Non sono più un tifoso perché non c’è nulla, nell’Udinese, che mi ricordi le mie, di Udinese: quella di Giacomini, di Ferrari, di Zaccheroni, di Spalletti e del Guido. Si è scelta la mediocrità plumbea di una giornata uggiosa anziché cercare il sole dove questo splende. Mi dicono, i savi di cui sopra, “tanto lo scudetto non te lo fanno vincere”. Quindi meglio neanche provarci?
Venti partecipano. Una vince. Non ho nulla contro chi non riesce a trionfare come la Juventus, cinque hurrà di fila: ho molto da dire invece su coloro i quali gestiscono le squadre come un tressette al meno, sperando in un settimo posto che possa far loro dire “ah, per poco…” ma in fondo meglio così. E no, non avrei mai chiesto a Giampaolo Pozzo di trasformarsi in Thohir, o Moratti, o Berlusconi.punto.zero: la politica intrapresa anni fa, ricercando Sànchez o Ramzi soffiandolo a grandi squadre, pur senza svenarsi di spese folli, sarebbe attualissimo. Poi leggo che Penaranda e Success se ne andranno a Londra, che a Udine arriverà l’ennesima infornata di Insua e Iturra, e mi chiedo perché due giorni prima di una disfatta come quella di sabato passato Pozzo, a Cormòns, abbia detto “sono stanco di pensare ai quaranta punti, è ora di puntare più in alto”.
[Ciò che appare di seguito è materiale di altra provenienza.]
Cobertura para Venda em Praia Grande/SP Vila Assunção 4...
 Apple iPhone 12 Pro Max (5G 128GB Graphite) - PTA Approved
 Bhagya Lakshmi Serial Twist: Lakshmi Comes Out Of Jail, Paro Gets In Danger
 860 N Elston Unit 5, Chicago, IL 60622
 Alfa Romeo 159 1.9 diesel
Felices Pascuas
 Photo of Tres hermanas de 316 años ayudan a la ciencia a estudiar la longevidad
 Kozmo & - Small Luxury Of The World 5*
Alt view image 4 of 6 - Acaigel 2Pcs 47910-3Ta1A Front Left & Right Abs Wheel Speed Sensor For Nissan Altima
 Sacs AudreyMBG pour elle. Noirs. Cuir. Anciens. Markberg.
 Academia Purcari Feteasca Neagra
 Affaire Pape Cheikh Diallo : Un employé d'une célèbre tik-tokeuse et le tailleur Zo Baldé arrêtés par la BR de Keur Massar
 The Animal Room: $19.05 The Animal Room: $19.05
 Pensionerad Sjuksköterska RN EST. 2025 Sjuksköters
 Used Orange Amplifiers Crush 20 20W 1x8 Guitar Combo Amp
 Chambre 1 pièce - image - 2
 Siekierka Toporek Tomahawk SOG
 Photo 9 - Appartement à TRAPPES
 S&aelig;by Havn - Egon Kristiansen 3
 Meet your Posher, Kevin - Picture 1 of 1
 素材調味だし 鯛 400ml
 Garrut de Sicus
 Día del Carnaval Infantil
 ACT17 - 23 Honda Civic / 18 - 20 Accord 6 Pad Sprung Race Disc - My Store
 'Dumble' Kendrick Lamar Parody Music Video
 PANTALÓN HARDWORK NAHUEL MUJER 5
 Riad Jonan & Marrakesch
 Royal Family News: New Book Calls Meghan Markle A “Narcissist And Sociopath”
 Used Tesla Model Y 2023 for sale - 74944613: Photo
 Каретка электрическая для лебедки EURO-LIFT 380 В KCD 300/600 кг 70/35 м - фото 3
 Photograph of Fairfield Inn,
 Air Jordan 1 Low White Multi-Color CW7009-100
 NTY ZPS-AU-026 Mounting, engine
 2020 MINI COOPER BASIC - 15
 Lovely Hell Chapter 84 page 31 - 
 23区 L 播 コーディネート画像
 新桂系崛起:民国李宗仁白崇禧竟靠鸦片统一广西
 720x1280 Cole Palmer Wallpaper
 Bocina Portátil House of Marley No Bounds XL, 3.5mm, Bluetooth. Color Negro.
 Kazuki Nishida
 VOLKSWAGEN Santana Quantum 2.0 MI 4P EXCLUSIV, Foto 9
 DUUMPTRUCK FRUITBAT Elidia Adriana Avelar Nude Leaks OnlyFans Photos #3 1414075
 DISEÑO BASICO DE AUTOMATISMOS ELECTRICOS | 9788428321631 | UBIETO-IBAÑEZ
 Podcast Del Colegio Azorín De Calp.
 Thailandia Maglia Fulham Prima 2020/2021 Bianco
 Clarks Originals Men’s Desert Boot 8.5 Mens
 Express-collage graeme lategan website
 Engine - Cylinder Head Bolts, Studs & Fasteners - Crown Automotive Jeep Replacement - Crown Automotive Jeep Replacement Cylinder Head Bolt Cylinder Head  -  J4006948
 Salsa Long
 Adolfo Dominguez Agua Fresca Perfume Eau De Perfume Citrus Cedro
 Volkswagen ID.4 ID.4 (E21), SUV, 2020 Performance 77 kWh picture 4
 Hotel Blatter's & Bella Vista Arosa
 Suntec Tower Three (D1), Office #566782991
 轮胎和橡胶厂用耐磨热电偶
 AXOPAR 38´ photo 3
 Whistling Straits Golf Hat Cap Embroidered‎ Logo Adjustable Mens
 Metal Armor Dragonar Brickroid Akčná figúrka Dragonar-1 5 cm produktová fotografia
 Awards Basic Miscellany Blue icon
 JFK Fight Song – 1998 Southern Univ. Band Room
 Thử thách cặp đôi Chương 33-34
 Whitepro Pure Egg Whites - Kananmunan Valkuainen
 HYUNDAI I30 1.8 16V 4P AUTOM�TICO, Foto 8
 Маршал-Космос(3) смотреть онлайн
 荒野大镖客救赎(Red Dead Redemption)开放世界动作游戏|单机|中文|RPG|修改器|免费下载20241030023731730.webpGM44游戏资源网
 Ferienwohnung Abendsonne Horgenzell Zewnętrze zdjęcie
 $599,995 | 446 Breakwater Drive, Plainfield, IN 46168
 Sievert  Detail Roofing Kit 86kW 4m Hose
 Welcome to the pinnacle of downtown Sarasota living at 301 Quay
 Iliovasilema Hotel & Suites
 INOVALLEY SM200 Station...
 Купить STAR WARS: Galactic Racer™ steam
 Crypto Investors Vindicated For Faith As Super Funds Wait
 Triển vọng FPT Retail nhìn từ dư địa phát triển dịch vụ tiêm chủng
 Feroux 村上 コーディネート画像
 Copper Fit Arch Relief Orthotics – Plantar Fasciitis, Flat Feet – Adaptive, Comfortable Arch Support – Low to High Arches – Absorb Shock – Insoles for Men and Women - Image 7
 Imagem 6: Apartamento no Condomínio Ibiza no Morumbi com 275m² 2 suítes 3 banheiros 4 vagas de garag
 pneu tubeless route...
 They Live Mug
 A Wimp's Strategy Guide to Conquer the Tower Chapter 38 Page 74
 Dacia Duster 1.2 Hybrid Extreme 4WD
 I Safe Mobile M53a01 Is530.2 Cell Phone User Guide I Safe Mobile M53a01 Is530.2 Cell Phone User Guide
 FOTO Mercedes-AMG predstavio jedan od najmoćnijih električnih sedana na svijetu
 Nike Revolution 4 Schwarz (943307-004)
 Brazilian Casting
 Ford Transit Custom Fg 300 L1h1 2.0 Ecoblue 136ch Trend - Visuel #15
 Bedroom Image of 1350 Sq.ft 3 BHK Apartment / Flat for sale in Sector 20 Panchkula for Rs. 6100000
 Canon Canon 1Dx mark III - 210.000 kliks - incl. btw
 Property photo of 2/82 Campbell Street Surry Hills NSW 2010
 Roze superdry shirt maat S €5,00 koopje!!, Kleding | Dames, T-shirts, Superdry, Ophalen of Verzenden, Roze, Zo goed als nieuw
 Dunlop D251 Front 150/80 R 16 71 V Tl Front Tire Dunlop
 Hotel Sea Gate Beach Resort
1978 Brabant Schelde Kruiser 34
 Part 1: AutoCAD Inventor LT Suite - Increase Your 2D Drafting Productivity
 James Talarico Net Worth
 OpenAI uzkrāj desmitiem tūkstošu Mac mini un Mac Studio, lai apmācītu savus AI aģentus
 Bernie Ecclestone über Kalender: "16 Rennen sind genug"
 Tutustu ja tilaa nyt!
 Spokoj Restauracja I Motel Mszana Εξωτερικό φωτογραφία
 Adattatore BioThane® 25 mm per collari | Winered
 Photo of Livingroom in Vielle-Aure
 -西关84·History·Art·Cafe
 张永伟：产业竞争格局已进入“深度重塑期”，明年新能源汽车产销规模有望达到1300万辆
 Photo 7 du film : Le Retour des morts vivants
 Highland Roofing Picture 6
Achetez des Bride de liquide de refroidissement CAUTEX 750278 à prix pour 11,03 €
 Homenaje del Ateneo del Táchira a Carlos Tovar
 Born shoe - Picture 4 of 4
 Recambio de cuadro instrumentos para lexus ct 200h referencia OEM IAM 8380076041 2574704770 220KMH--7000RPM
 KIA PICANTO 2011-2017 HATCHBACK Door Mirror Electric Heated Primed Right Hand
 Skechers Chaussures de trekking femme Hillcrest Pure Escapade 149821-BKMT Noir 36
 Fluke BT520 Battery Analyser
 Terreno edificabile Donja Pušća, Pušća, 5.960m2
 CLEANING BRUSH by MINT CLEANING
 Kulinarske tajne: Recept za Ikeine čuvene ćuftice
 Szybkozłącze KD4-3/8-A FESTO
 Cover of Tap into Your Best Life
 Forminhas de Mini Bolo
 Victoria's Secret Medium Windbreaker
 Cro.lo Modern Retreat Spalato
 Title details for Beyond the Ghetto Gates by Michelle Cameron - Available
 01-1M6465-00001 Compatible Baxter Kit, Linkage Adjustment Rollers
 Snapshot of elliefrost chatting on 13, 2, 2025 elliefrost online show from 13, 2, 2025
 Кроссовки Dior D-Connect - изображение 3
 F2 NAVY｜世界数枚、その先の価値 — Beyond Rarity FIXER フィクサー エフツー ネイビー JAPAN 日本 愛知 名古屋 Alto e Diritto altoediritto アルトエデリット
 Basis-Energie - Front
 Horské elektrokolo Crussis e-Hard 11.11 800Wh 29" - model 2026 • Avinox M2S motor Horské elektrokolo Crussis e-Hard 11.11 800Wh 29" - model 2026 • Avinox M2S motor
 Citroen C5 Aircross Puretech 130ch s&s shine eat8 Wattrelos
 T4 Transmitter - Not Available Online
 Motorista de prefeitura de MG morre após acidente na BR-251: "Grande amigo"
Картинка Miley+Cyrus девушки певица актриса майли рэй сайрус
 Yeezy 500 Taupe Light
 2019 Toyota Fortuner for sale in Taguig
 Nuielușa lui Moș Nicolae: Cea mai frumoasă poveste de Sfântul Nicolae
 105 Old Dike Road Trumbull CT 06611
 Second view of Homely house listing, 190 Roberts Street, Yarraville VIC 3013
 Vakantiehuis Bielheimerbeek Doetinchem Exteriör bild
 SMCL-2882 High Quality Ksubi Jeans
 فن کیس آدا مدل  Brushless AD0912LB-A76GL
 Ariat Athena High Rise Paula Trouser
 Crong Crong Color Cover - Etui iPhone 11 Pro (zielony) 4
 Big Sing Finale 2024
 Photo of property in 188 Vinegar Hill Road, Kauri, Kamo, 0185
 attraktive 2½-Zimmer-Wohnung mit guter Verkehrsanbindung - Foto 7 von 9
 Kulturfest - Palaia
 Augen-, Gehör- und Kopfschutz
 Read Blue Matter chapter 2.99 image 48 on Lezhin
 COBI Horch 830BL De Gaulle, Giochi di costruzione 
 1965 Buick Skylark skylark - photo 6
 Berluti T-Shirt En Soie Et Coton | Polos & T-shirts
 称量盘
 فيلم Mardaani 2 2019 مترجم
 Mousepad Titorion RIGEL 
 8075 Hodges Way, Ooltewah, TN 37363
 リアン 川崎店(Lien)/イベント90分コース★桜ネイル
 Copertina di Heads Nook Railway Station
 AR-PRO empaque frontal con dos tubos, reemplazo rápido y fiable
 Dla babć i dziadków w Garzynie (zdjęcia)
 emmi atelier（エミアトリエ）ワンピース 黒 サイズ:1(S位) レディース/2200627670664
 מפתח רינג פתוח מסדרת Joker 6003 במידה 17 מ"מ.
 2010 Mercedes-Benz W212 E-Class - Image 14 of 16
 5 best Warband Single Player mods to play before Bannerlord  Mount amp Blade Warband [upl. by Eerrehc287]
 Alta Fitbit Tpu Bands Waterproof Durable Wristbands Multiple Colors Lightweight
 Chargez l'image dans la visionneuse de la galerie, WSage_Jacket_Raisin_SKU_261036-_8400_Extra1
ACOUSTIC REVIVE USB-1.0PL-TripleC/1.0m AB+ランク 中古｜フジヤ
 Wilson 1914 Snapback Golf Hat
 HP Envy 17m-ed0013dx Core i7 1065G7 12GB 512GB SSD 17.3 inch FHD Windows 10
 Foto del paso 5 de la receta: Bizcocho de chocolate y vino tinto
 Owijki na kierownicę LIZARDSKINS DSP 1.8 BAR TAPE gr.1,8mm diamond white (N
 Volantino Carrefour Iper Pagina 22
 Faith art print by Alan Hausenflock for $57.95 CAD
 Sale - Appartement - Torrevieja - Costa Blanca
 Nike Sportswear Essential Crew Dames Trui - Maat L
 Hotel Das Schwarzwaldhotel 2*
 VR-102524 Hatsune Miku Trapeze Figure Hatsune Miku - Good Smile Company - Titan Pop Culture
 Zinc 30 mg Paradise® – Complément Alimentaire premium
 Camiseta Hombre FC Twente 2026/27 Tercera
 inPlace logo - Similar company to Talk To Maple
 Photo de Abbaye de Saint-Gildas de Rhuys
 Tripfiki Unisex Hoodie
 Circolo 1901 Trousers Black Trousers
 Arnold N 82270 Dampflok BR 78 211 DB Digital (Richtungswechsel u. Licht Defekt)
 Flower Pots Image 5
Eppure i tifosi, che questa maglia amano al di là delle scarsissime doti dell’attuale rosa, se ne fregano e seguono la squadra tifandola anche quando questa è già andata nello spogliatoio. Ho sempre la speranza che qualcuno prenda ad esempio il comportamento dei supporter.
Ed ascoltare il direttore generale, sapendo com’è andata con Antonio di Natale, affermare che “avremo modo di fargli la festa” dopo Carpi, per quanto la cosa abbia buone fondamenta mi lascia un bel po’ d’amaro: il patrimonio tecnico e morale della squadra va tutelato. Cacciare Pinzi e dargli la targhetta sei mesi dopo è ipocrita, e solo l’educazione e la statura morale di GPP66 gli ha permesso di non esclamare “grazie, ma forse non è il caso”.
Vincete a Bergamo. Ne avete la possibilità, il dovere. Perchè Questa. È. Udine. E chi non l’ha capito, sia giocatore, tecnico, dirigente o proprietario, si accomodi pure all’uscita anziché minacciarlo solamente.